**What this task involves:**
In the copy, include every entry exactly but none of the pictures.
START Extracted information
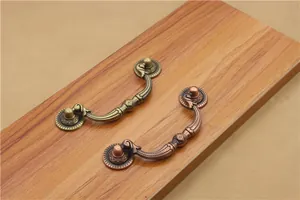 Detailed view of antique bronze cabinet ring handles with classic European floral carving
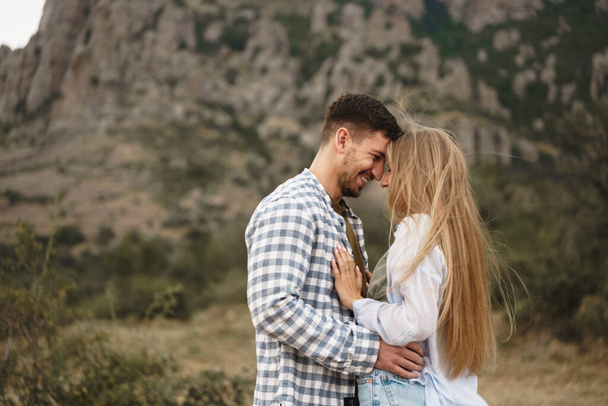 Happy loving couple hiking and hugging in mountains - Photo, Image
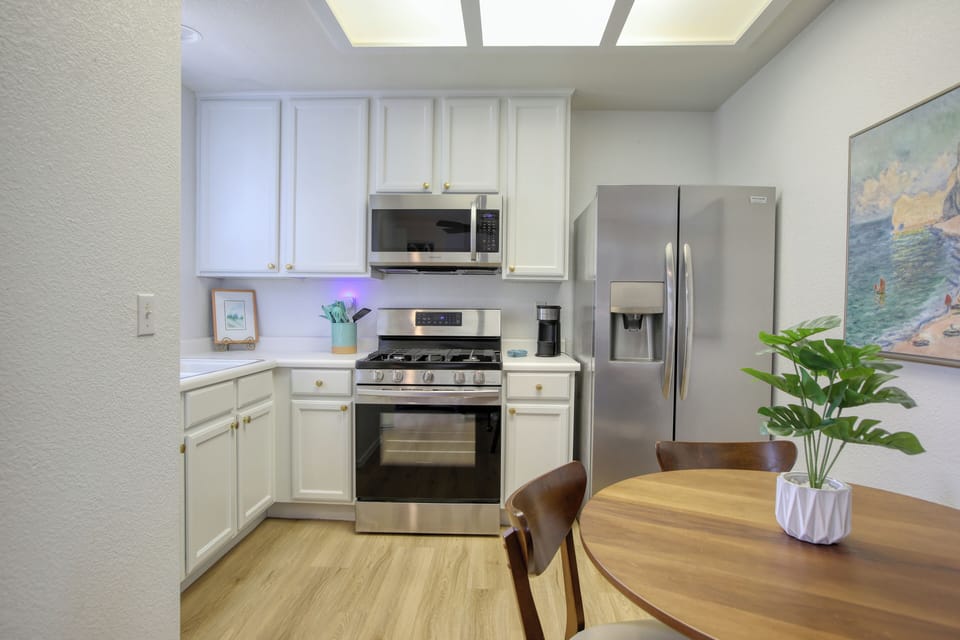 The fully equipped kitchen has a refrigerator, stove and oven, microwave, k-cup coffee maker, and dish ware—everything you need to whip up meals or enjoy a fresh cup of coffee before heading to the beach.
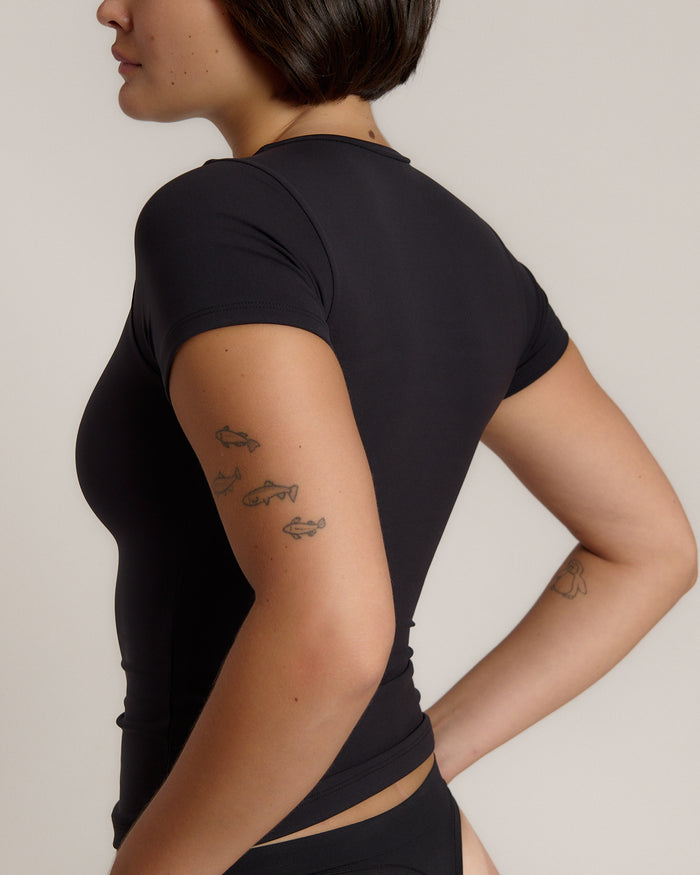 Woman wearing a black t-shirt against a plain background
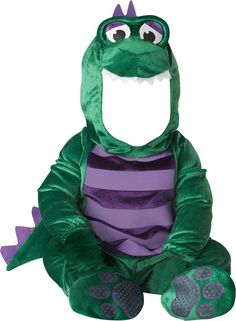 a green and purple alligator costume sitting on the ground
END Extracted information
**Answer section:**
 Detailed view of antique bronze cabinet ring handles with classic European floral carving
 Happy loving couple hiking and hugging in mountains - Photo, Image
 The fully equipped kitchen has a refrigerator, stove and oven, microwave, k-cup coffee maker, and dish ware—everything you need to whip up meals or enjoy a fresh cup of coffee before heading to the beach.
 Woman wearing a black t-shirt against a plain background
 a green and purple alligator costume sitting on the ground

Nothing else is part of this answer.